Das Verhältnis zwischen Monarch und Parlament war nicht weniger turbulent als es heute zwischen Parlament und Regierung ist. Einen Höhepunkt erreichte der Konflikt im 17. Jahrhundert, als die Abgeordneten den verhassten König Charles I. wegen Hochverrats zum Tode verurteilte und 1648 hinrichten ließen. Doch die Versuche des Parlaments, unter Oliver Cromwell selbst zum Souverän zu werden, scheiterten. Erst mit der „Glorreichen Revolution“von 1688 ging der englische Bürgerkrieg nach fast einem Jahrhundert zu Ende. Es etablierte sich eine konstitutionelle Monarchie. Sie beruht, wie so vieles in der britischen Ordnung der Dinge, auf einem ungeschriebenen Einverständnis: „Die britische Verfassung ist ein Bewusstseinszustand“, meint der Historiker Peter Hennessy. „Ihr Funktionieren beruht darauf, dass alle Seiten zur Rücksichtnahme bereit sind.“Das Parlament akzeptiert die Existenz des Königshauses, im Austausch anerkennt der Monarch, dass er keine reale Macht hat.
Großbritannien blühte auf wie nie zuvor. 1707 wurde die Union mit Schottland besiegelt.

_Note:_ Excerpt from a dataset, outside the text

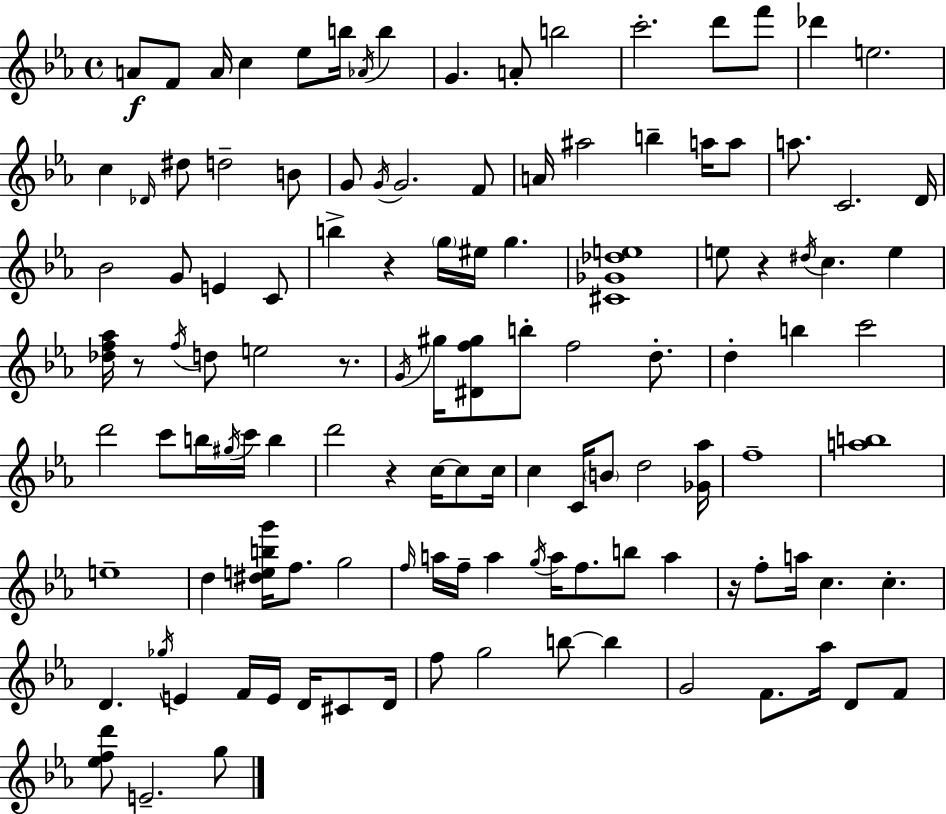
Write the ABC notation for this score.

Das gemeinsame Parlament in seiner heutigen Form etablierte sich mit den beiden Kammern House of Commons und House of Lords, wobei das Unterhaus die Vorherrschaft gewann. Daneben entstand die Regierung als Exekutive und wahre Macht im Staat. Sie benötigt bis heute das Vertrauen des Parlaments und ist dem Unterhaus rechenschaftspflichtig.

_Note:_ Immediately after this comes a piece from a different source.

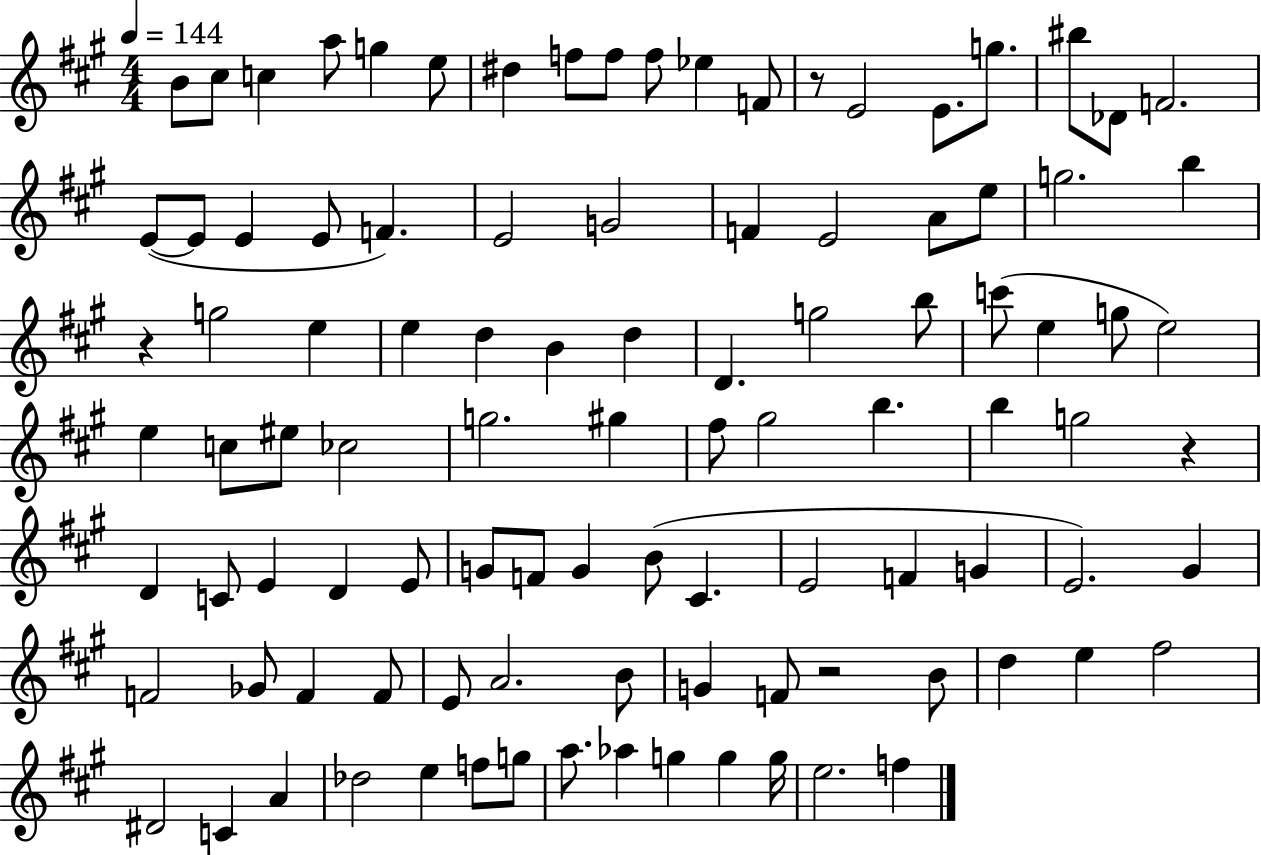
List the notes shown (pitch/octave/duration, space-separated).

B4/e C#5/e C5/q A5/e G5/q E5/e D#5/q F5/e F5/e F5/e Eb5/q F4/e R/e E4/h E4/e. G5/e. BIS5/e Db4/e F4/h. E4/e E4/e E4/q E4/e F4/q. E4/h G4/h F4/q E4/h A4/e E5/e G5/h. B5/q R/q G5/h E5/q E5/q D5/q B4/q D5/q D4/q. G5/h B5/e C6/e E5/q G5/e E5/h E5/q C5/e EIS5/e CES5/h G5/h. G#5/q F#5/e G#5/h B5/q. B5/q G5/h R/q D4/q C4/e E4/q D4/q E4/e G4/e F4/e G4/q B4/e C#4/q. E4/h F4/q G4/q E4/h. G#4/q F4/h Gb4/e F4/q F4/e E4/e A4/h. B4/e G4/q F4/e R/h B4/e D5/q E5/q F#5/h D#4/h C4/q A4/q Db5/h E5/q F5/e G5/e A5/e. Ab5/q G5/q G5/q G5/s E5/h. F5/q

Daraus entwickelte sich ein Ritual, das bis heute peinlichst genau befolgt wird. Die aktuelle Premierministerin, Theresa May, nimmt es besonders ernst: Keine Entwicklung ohne ein „statement“im Parlament, das sie stets korrekt mit „Mister Speaker . . .“adressiert, ehe sie sich leidenschaftlich den robusten Auseinandersetzungen hingibt. Die Abgeordneten der Regierung sitzen der Opposition gegenüber, die beiden Seiten der Kammer sind 3,96 Meter getrennt – angeblich exakt zwei Schwertlängen.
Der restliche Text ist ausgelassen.